- _Instructions to follow_
Using the listing below, give again exactly the lines from the line with "Używany Jaguar E-Pace" to the line with "Almanya'dan gelen yolcular", inclusive, without the pictures.

====== Records provided

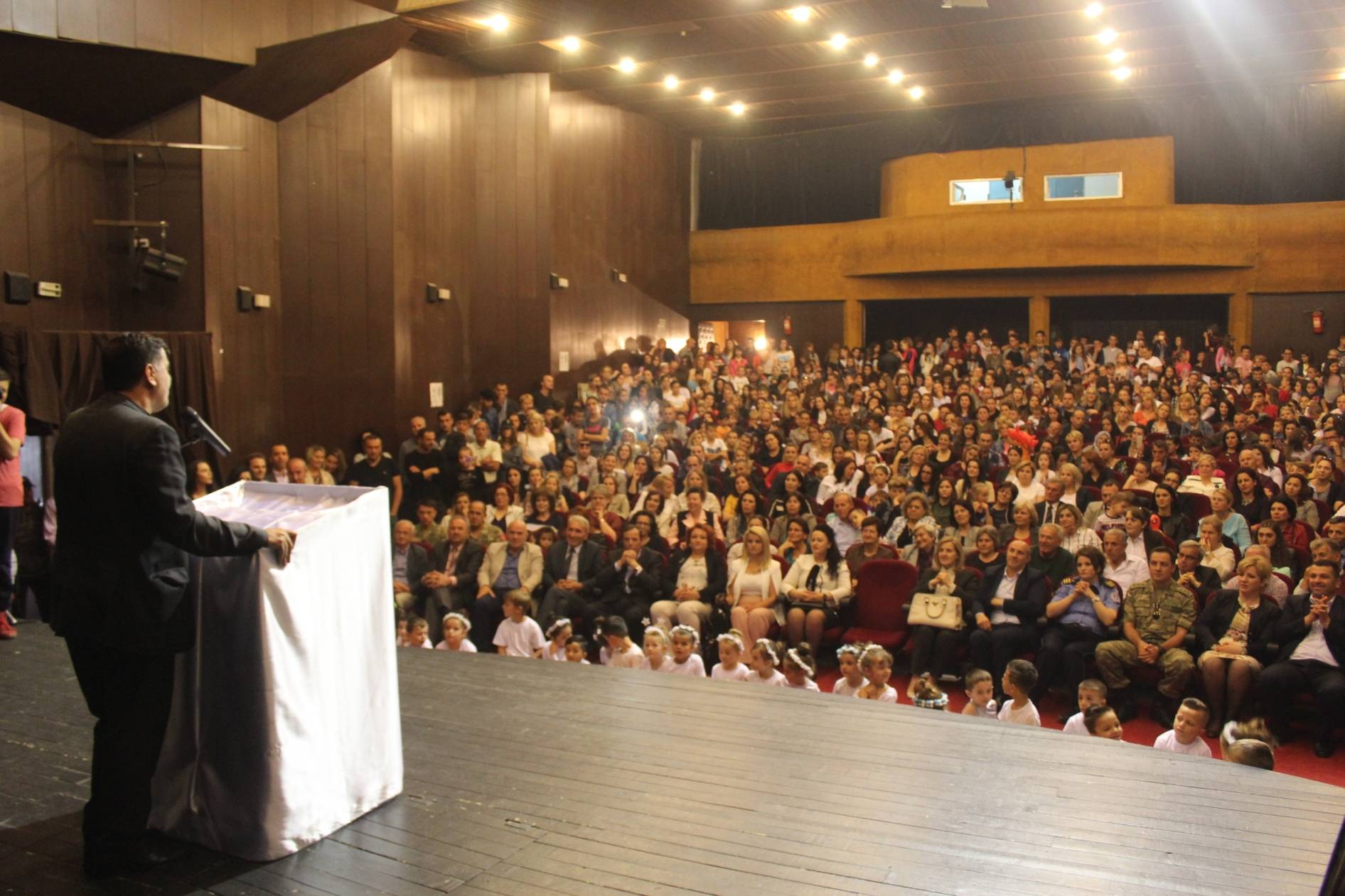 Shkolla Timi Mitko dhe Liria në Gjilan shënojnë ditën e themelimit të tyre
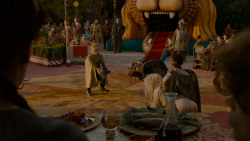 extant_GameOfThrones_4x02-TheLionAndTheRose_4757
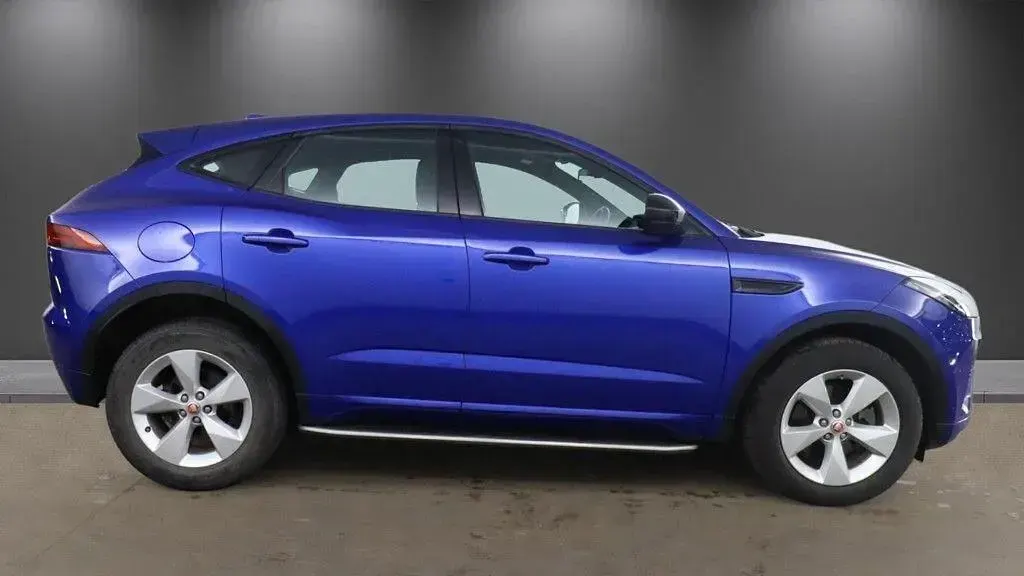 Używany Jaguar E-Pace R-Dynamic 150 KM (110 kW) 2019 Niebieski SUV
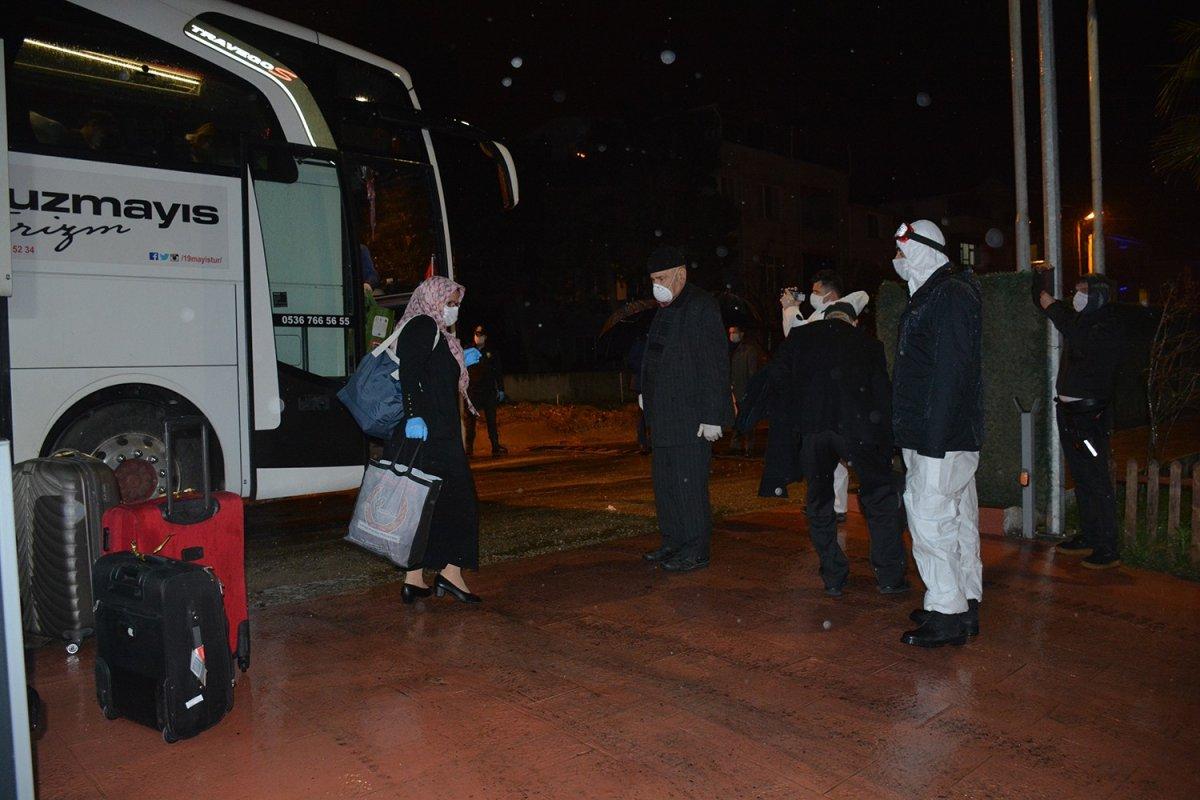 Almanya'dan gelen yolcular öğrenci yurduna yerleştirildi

============
====== Records provided

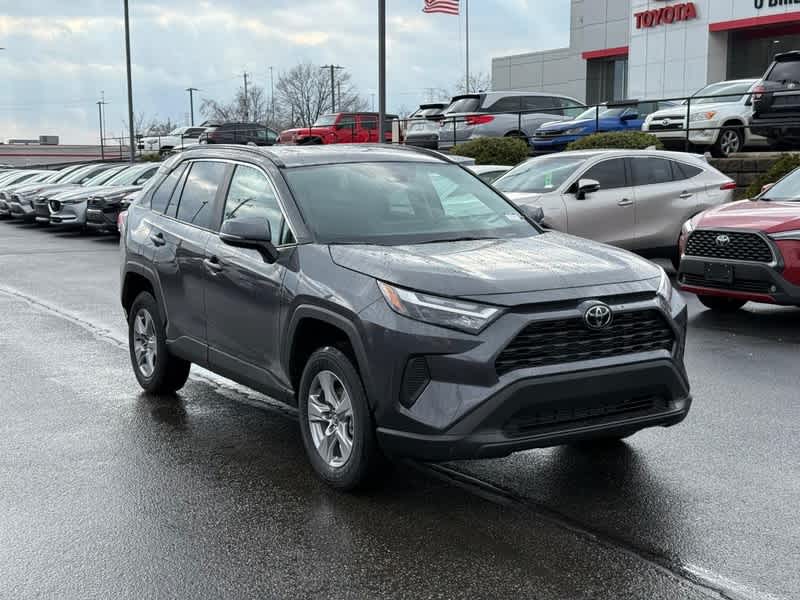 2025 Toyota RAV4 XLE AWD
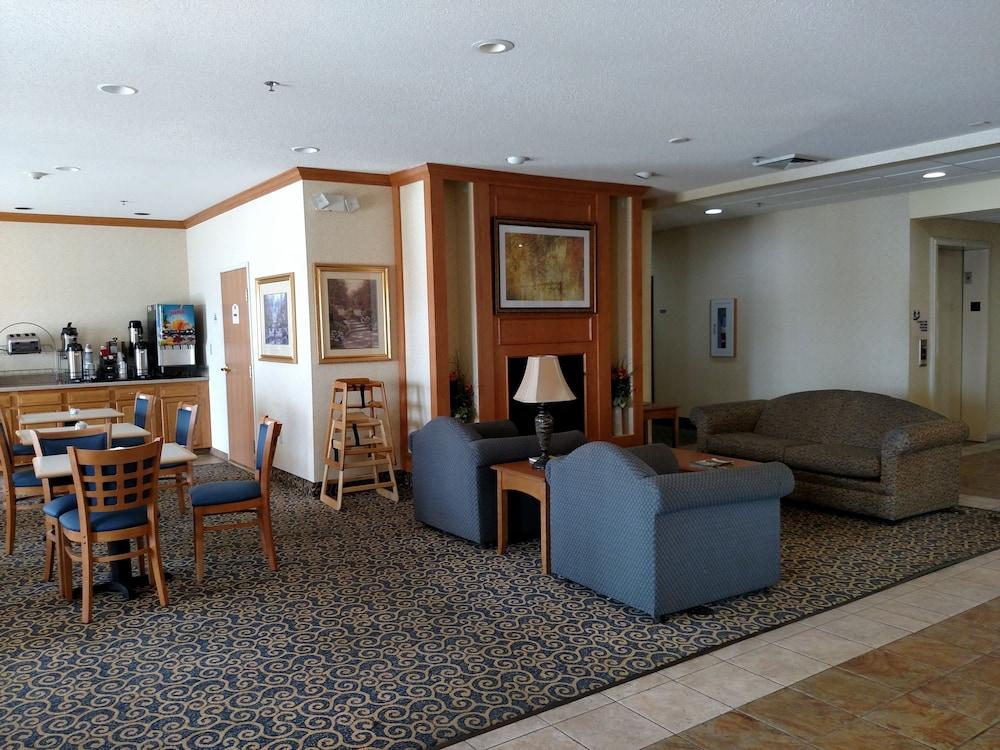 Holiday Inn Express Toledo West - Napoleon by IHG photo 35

============

- _Answer space_
 Używany Jaguar E-Pace R-Dynamic 150 KM (110 kW) 2019 Niebieski SUV
 Almanya'dan gelen yolcular öğrenci yurduna yerleştirildi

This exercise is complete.